Presently, the Holocaust dwindles on the edge of living memory. As the last Holocaust witnesses pass away, there is a sense of urgency and gravity for the third generation – that is, grandchildren of witnesses or people who are otherwise at a three-generation remove – who seek to preserve and share these stories, and who are the new custodians of this representative responsibility. Jilovsky defines the third generation as ‘the bridging generation … connecting lived memories of the past with people of the future, born after the last eyewitness has passed away’ (2015, p. 94). The ethical complexity surrounding the representation of Holocaust stories, the building of this figurative bridge between past and future, cannot be overstated.

The new millennium has seen a surge in literature by grandchildren of survivors, who are grappling with the residual lines of trauma, history and memory in their own lives and consciousness. Aarons writes that ‘This is a generation approaching the Holocaust from a position that is precariously balanced between proximity and distance, a position that characterizes this generation, this literature, the discourse about this literature, and the disposition of our time’ (2016, p. xvii). With each passing year the Holocaust recedes further into history, its memory and preservation increasingly vulnerable to denialism, mythology, and forgetfulness.

As a response to this climate of ethical precarity, misrepresentation and shaky ground we find ourselves in, this special issue of Ethical Space seeks to interrogate the ‘Ethics and expressions of third-generation Holocaust storytelling.’

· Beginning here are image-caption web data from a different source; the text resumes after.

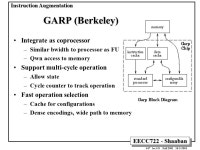 EECC722 - Shaaban #1 lec # 8 Fall What is Configurable Computing? Spatially-programmed connection of processing elements... 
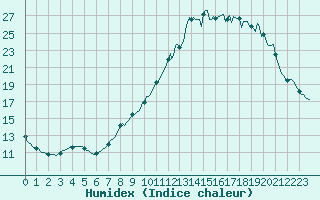 Courbe de l'humidex pour Saint-Laurent-du-Pont (38)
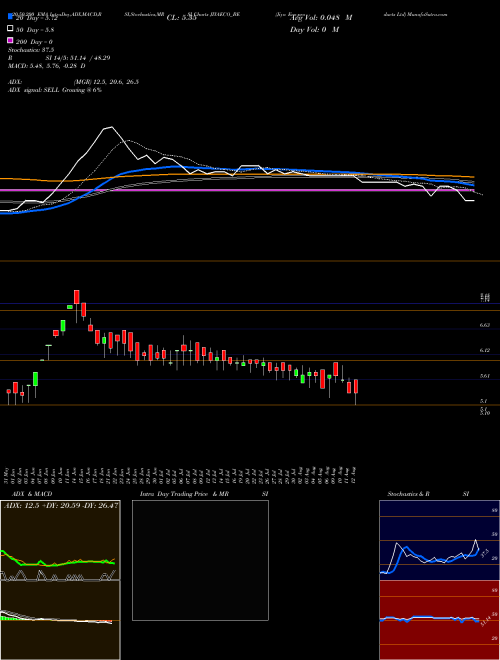 Jiya Eco-products Ltd JIYAECO_BE Support Resistance charts Jiya Eco-products Ltd JIYAECO_BE NSE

Possible topics include but are by no means limited to:

  • Identifiable themes, techniques, or trends in third-generation texts
  • The Holocaust in contemporary culture and memory
  • The ethics of writing or engaging with survivor trauma
  • Artefacts and places as sites of third-generation understanding
  • Expressions of the Holocaust in life writing, poetry and/or fiction
  • Experiments in Holocaust writing
  • The role of postmemory and imagination in third-generation texts
  • The ethics of representing the dead 
  • Technology and innovation in Holocaust story preservation
  • Reflections on third-generation identity and purpose

We welcome abstracts of 250 words for scholarly articles and essays that explore the ethics and intentions of third-generation Holocaust storytelling, as crucial contributions to the global debate around preservation of traumatic histories. 

Submit abstracts by 1 February 2023

Full papers submitted by 1 September 2023. Papers should be 6000-7000 words in length.